Hee, a former state legislator who represents O'ahu on the nine-member OHA board and was himself ousted as chairman by Apoliona, could not be reached yesterday.
But his long-time ally Akana said Apoliona must be replaced because "she really lacks leadership qualities. In these times of crisis, the whole office needs to gear up to withstand these attacks on the Hawaiian people."
Akana was talking about the U.S. Supreme Court decision allowing non-Hawaiians to run for and vote for OHA trustee positions, and the State Supreme Court decision this month striking down a law that gave the OHA rights to some revenues from ceded royal lands.

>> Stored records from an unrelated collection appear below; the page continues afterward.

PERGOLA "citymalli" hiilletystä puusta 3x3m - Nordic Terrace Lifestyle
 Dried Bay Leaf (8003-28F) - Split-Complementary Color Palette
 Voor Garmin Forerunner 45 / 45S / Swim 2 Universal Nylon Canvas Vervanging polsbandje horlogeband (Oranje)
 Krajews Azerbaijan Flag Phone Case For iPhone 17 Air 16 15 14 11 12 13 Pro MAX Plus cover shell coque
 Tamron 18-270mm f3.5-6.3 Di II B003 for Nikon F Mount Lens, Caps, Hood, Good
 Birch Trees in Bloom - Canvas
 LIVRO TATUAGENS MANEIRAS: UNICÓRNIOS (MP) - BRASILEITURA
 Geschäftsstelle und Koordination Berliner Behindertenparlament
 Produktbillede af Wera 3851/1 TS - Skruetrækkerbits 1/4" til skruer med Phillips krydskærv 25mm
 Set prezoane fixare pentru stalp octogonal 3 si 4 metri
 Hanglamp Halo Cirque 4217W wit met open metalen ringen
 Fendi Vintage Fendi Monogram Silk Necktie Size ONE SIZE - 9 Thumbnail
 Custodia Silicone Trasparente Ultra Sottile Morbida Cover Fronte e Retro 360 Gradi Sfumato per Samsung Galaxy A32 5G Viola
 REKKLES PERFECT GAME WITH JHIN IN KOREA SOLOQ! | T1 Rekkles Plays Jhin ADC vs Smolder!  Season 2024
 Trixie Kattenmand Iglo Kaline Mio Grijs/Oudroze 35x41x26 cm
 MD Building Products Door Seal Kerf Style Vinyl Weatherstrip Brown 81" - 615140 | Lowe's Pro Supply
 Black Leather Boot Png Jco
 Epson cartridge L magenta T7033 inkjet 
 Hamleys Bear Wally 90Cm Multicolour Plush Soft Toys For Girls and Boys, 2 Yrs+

Akana said both she and Hee have the background and the drive necessary to deal with federal recognition of a Hawaiian nation, and to ask the state Legislature for a new law restoring the OHA rights stripped by state judges for technical reasons.
If she is ousted, Apoliona said, OHA "will be a political football" being kicked around to promote Hee's candidacy for lieutenant governor, and to cut back Hawaiian programs.
During her 275 days of leadership, she said, OHA has intervened successfully in lawsuits to protect Hawaiian programs, has tightened fiscal controls while continuing spending for Hawaiians, and has nearly completed a strategic plan to meet repeated criticism by the legislative auditor.